Ce second essai de liberté commerciale devint bientôt contagieux; malgré les efforts désespérés du protectionnisme agonisant, les barrières les plus insurmontables s'abaissèrent partout comme par enchantement; une fièvre d'activité, stimulée par un besoin irrésistible de rapprochement, s'empara de tous les peuples. Nul ne voulut s'exposer à un isolement fatal à son avenir et à sa prospérité, et, en moins de sept années, une vaste chaîne de conventions sœurs, calquées sur l'immortelle convention franco-anglaise, qui les avait précédées, réunit les nations industrieuses de l'Europe à leurs deux devancières dans les voies de la civilisation et du progrès industriel.

Quels furent les résultats de cette révolution immense dans les mœurs, dans les lois, dans la vie du vieux monde? Il serait superflu de les dénombrer ou d'essayer même d'en faire l'analyse : il suffit, pour s'en rendre un compte même approximatif, de jeter les yeux autour de soi, de rappeler des souvenirs d'un jour et de comparer avec le présent un passé encore bien proche de nous.
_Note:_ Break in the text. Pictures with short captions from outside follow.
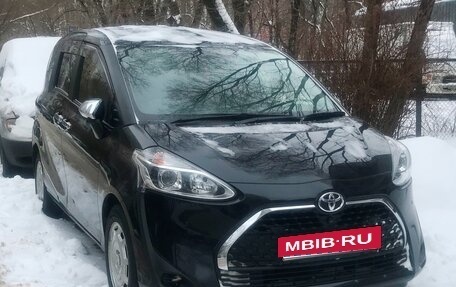 Toyota Sienta II, 2019 год, 1 800 000 рублей, 6 фотография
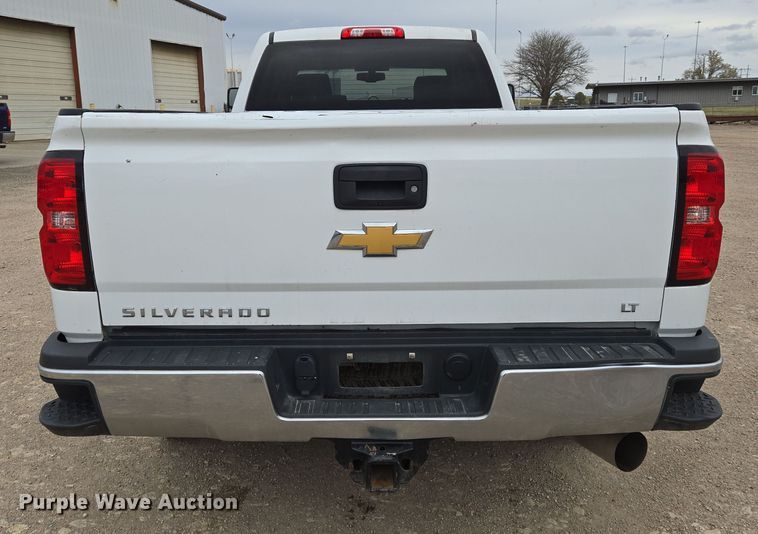 image for item EO0640 2019 Chevrolet Silverado 3500HD Crew Cab pickup truck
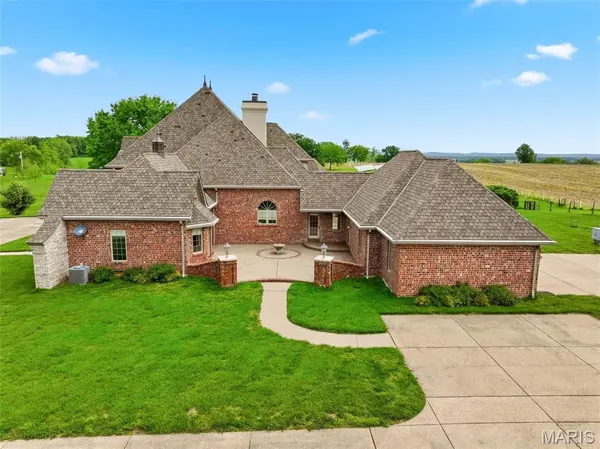 2662 N Hwy 79, Elsberry, MO 63343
L'expansion de la richesse a été telle, son essor et son accroissement ont été si rapides, que des changements complets se sont opérés jusque dans les parties les plus reculées de l'univers, et qu'il n'est pas un coin du globe habité qui n'ait été, depuis ce moment, mis en contact avec l'une des nations de l'Europe et ne subisse son influence bienfaisante.